In this interactive tutorial you will learn to understand hierarchical clustering.
You can modify the number of points, but that won’t be our focus in this tutorial. Let’s use 12 points, just to have a different setup than in the 101 lecture. We will focus on the impact of the parameters “distance metric” and linkage method. We specify for starters euclidean distance and single linkage.
Let’s start with the study of distance metric. The simplest method is euclidean distance. This is the shortest distance between two points. Clearly, points 4 and 8 have the closest distance. You can see this visually in the top graph, but also in the dendrogram. Both points are connected at the lowest level. If you would specify 11 clusters, that means that two points are considered a pair and all others are individuals. The paired points are point 4 and 8.
The next closest pair is point 9 and 12. You can see they group a team, as well as 1 and 10, and 2 and 11, and 3 and 7. Which is the next cluster added? Point 5 is closest to the cluster of points 3 and 7. For single linkage the closest point is chosen, which is point 7. If you now switch to complete linkage, the farthest point is considered. The farthest point of a close-by cluster is point 11, because point 3 would be the other choice, but this is much farther away.
If you keep the linkage method at complete linkage, and specify as distance metric Manhattan, the whole picture changes. The lowest level is pretty similar. The two-point pairs are the same. Please set the number of clusters to 4, because then you can see the impact directly in the upper graph. Point 6, which is forming a cluster with points 3 and 7 for eucidean distance, is its own cluster for Manhattan distance. At the same point all the green points at the right side form a cluster. If you switch to euclidean you see that points 4 and 8 are on their own, but for Manhattan they are added to the other green points.
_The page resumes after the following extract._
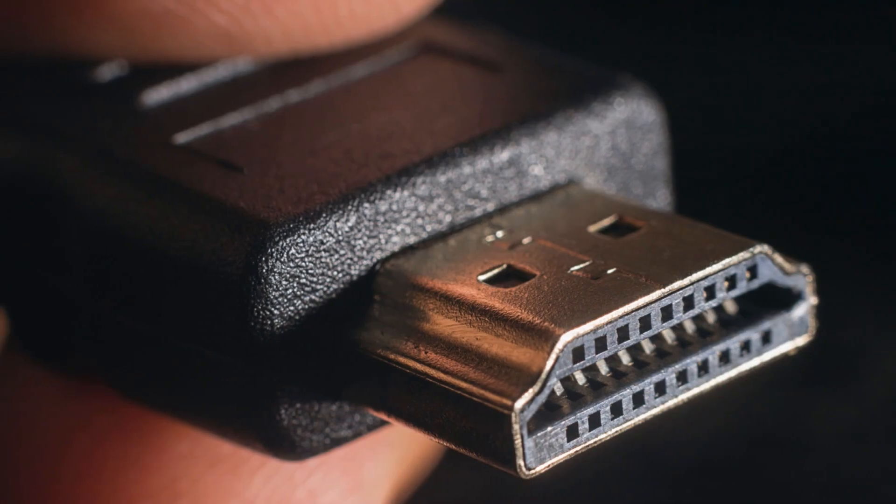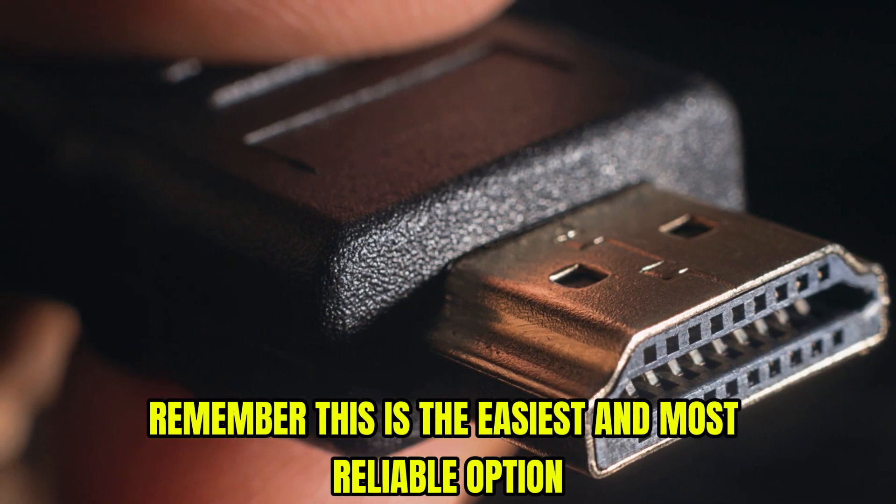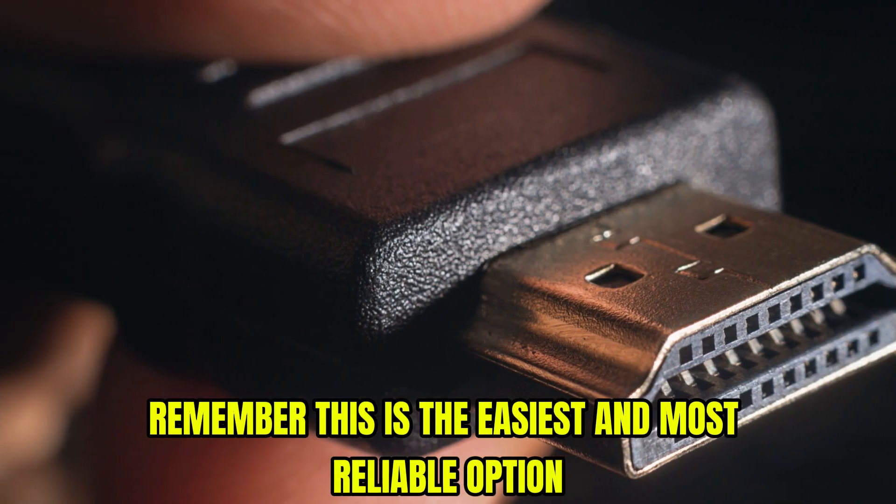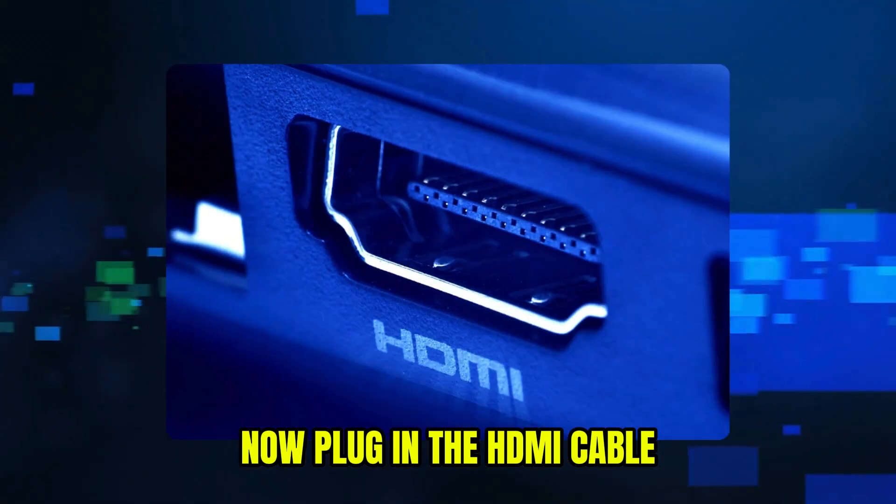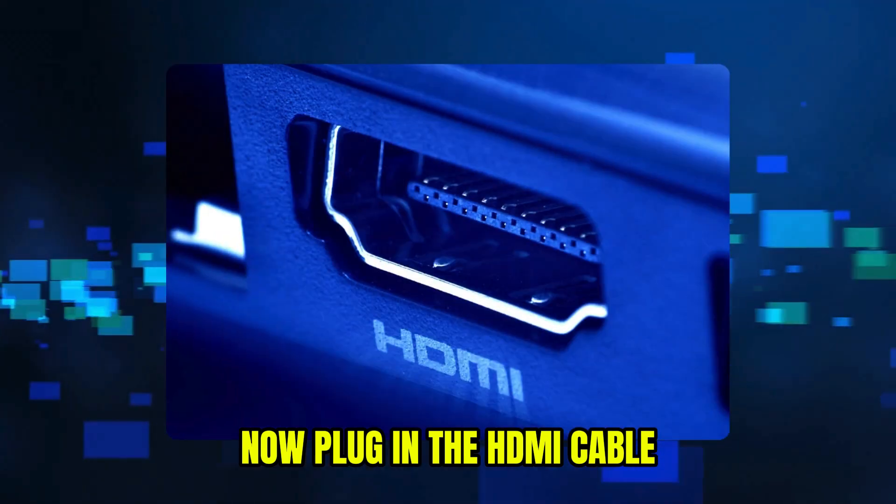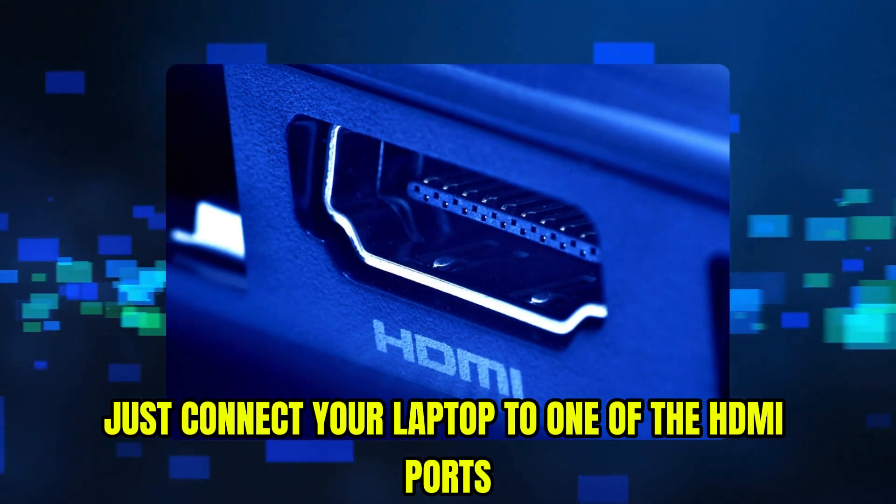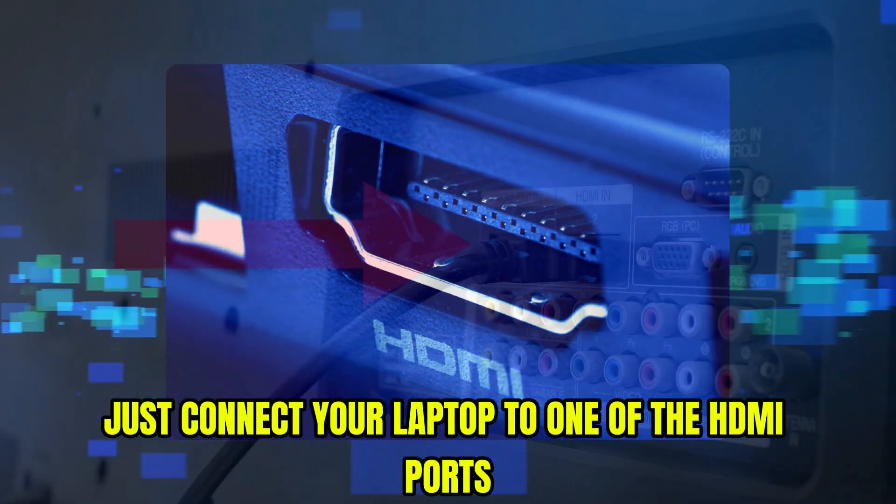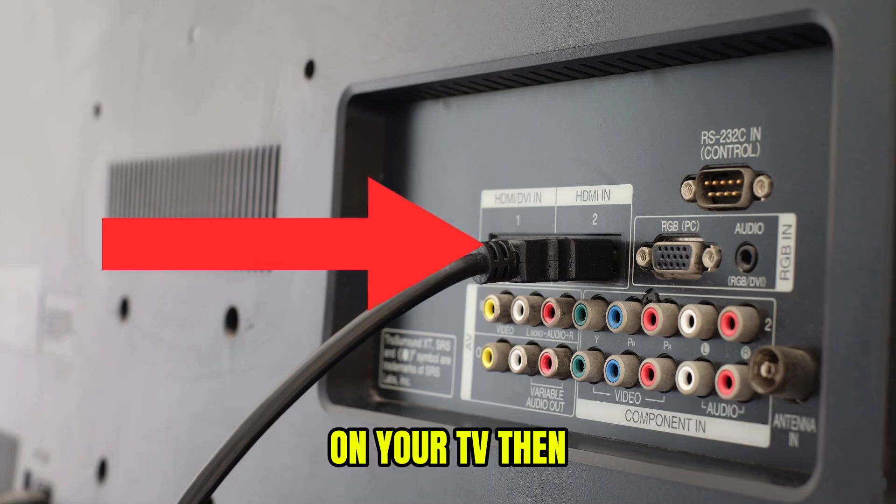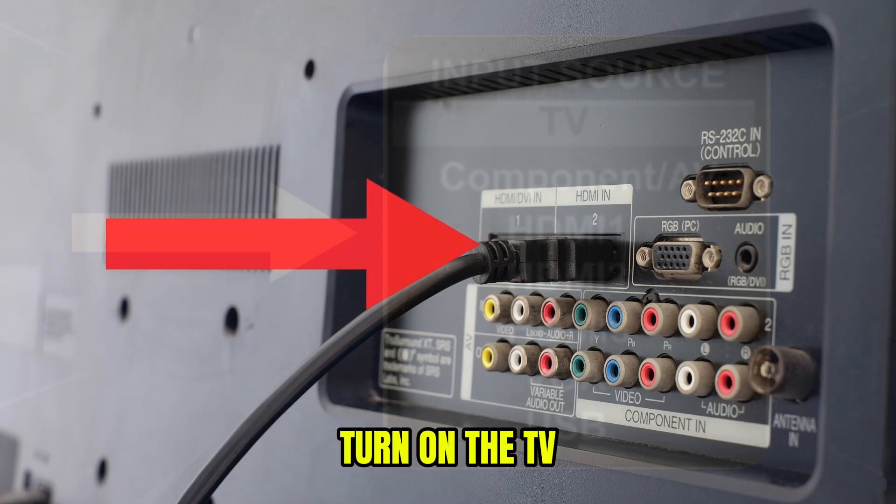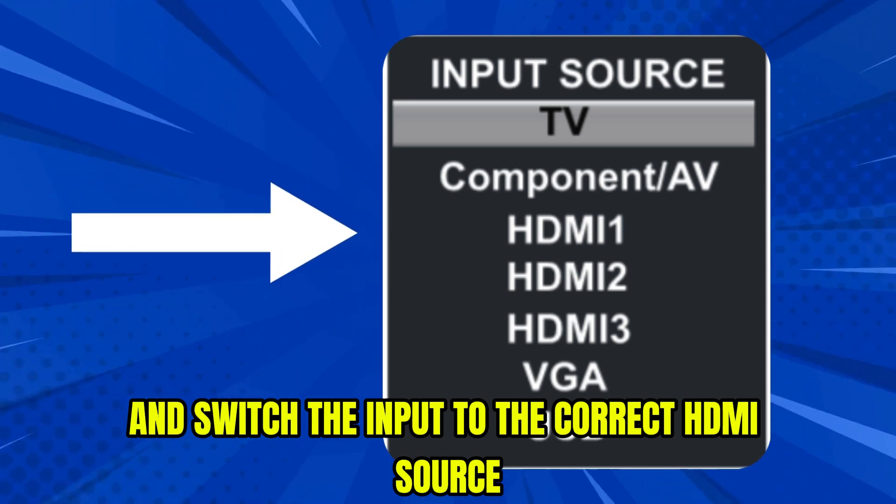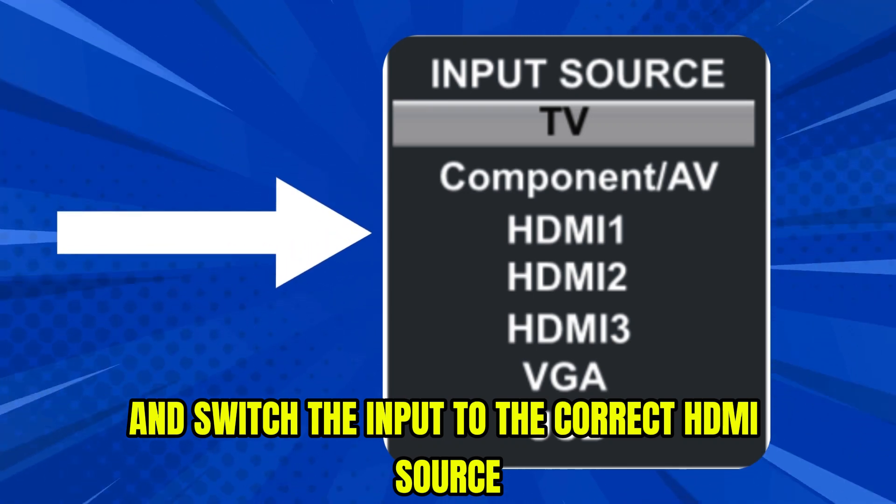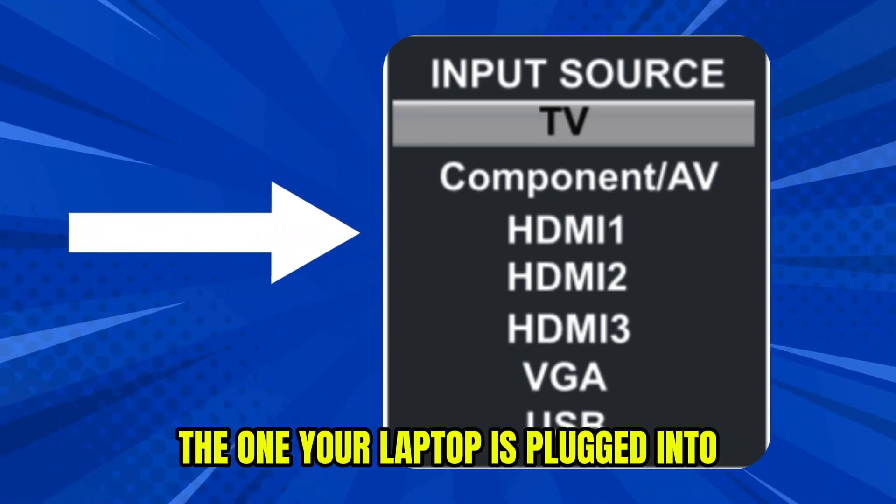First, remember this is the easiest and most reliable option. Now plug in the HDMI cable. Just connect your laptop to one of the HDMI ports on your TV. Then turn on the TV and switch the input to the correct HDMI source, the one your laptop is plugged into.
You can also play with other linkage methods like Ward. Ward minimizes the total within-cluster variance. So the custers get more homogeneous.
By changing the number of clusters you change the threshold. The threshold is a horizontal line cutting through the dendrogram. By changing the number you change the height of this threshold. If you only choose two clusters, the branches are split at a point where exactly two branches are found. And similarly you can see the changes resulting from other cluster numbers. You can directly see the result by looking at the color mappings in the upper graph.
This interactive dashboard provides a tool to you that you can use to study the impact of parameter changes on hierarchical clustering. Have fun with it. Thanks for reading and I am happing to receive feedback from you.